Chapter 17: Two Kinds of Brave
SOME MEMORIES ARE like pressed flowers, preserved between the pages of a life that kept turning long after the moment was gone. They save themselves, insisting: this mattered. Remember this.
I am telling you about a night at Anker’s. About my friends.
Anker’s was warm that night. The deep warmth of a well-built fire and close-packed bodies and people who are exactly where they want to be. The common room smelled of roast lamb and brown bread and ale from casks aging since midsummer.
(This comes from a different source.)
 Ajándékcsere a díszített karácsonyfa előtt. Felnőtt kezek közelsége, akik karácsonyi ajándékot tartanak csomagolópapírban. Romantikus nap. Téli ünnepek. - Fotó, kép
I arrived late from the hidden library, eyes tired, back aching, the bone ring on my finger humming. Encouragement or warning, I couldn’t tell.
But the moment I walked through the door and saw them, my friends at our table in our corner, I took a breath that went all the way down.
Simmon saw me first.
“Kvothe!” He half-rose, smiling so earnestly it made you believe the world was fundamentally decent. “We were starting to think you’d been eaten by something in the Archives.”
“Not eaten. Merely gnawed upon.” I took my usual seat, back to the wall, facing the door. Old habit. “What are we drinking?”
“Anker brought out a new cask of metheglin. Dangerously good.” Simmon poured me a measure. It was honey-gold and smelled of clover and something deeper that bloomed in the back of the throat. “Fela found it. She has an instinct for these things.”
“I have a palate, which is different from an instinct.” Fela sat beside Sim, close enough that their shoulders touched. “An instinct is what you have when you choose your clothes in the morning.”
“What’s wrong with my clothes?”
“Nothing, if you’re a provincial farmer attending his first fair.”
“I’ll have you know this shirt was very expensive.”
“Expensive doesn’t mean good, Sim. As your course in Advanced Sympathy should have taught you.”
Wil occupied his corner of the table with the contained efficiency of a well-packed trunk. He nodded when I sat down. I nodded back.
“How’s the term treating everyone?” I asked, sipping the metheglin. Sim was right. The sweetness was balanced by bitterness, the alcohol deceptive, building warmth that spread outward like ripples from a dropped stone.
“I passed my intermediate mathematics examination,” Fela said. “Brandeur told me my theoretical work was exemplary but my proofs needed tightening.”
“That’s Brandeur-speak for ‘very good,’” I said.
“I know what it means.” She set her book aside. “The real question is whether Sim survives Hemme’s rhetoric assessment.”
“I am going to survive it through meticulous preparation and barely controlled panic,” Sim said. “I’ve been practicing my opening statement. Want to hear it?”
“Tehlu, no,” Wil said. “We heard it four times. Three were improvements. The fourth was a catastrophe.”
“The fourth was a creative reinterpretation.”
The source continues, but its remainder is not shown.